• _Prompt_: What do the lines say, reproduced word for word, from the first of the entries below through the line bearing "สมเด็จพระเจ้าอยู่หัว ร.10 ทรงพระกรุณาโปรดเกล้าฯ"?

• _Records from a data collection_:
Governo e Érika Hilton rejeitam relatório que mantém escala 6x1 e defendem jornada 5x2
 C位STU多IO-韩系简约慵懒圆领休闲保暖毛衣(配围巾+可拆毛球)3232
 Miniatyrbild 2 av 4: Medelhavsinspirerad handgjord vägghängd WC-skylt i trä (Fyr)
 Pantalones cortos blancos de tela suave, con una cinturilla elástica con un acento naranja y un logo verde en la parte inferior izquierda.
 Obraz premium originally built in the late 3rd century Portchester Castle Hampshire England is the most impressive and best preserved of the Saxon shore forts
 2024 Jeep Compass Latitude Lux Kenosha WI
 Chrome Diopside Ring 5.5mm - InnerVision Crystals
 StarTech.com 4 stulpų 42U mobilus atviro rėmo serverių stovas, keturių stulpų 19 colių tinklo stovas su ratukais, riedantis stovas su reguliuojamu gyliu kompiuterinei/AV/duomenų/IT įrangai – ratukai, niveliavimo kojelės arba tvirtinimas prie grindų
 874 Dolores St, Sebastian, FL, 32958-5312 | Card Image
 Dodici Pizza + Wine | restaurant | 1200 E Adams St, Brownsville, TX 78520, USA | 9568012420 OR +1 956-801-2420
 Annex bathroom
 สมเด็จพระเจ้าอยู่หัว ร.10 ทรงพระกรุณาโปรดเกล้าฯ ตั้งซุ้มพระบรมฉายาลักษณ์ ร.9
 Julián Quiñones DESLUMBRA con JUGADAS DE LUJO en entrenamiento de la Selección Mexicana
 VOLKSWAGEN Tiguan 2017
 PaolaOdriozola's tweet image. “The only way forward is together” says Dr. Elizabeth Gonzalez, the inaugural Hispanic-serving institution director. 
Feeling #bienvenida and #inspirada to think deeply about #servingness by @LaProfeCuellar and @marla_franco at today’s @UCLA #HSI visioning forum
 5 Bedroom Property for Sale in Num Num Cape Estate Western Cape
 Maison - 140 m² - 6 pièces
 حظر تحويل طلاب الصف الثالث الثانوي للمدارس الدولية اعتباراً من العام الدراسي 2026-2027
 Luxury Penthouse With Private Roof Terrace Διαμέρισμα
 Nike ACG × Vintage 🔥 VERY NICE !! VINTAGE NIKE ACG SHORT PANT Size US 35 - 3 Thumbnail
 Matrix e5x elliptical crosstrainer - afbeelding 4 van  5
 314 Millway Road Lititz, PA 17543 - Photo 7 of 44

• _Solution to the problem_:
Governo e Érika Hilton rejeitam relatório que mantém escala 6x1 e defendem jornada 5x2
 C位STU多IO-韩系简约慵懒圆领休闲保暖毛衣(配围巾+可拆毛球)3232
 Miniatyrbild 2 av 4: Medelhavsinspirerad handgjord vägghängd WC-skylt i trä (Fyr)
 Pantalones cortos blancos de tela suave, con una cinturilla elástica con un acento naranja y un logo verde en la parte inferior izquierda.
 Obraz premium originally built in the late 3rd century Portchester Castle Hampshire England is the most impressive and best preserved of the Saxon shore forts
 2024 Jeep Compass Latitude Lux Kenosha WI
 Chrome Diopside Ring 5.5mm - InnerVision Crystals
 StarTech.com 4 stulpų 42U mobilus atviro rėmo serverių stovas, keturių stulpų 19 colių tinklo stovas su ratukais, riedantis stovas su reguliuojamu gyliu kompiuterinei/AV/duomenų/IT įrangai – ratukai, niveliavimo kojelės arba tvirtinimas prie grindų
 874 Dolores St, Sebastian, FL, 32958-5312 | Card Image
 Dodici Pizza + Wine | restaurant | 1200 E Adams St, Brownsville, TX 78520, USA | 9568012420 OR +1 956-801-2420
 Annex bathroom
 สมเด็จพระเจ้าอยู่หัว ร.10 ทรงพระกรุณาโปรดเกล้าฯ ตั้งซุ้มพระบรมฉายาลักษณ์ ร.9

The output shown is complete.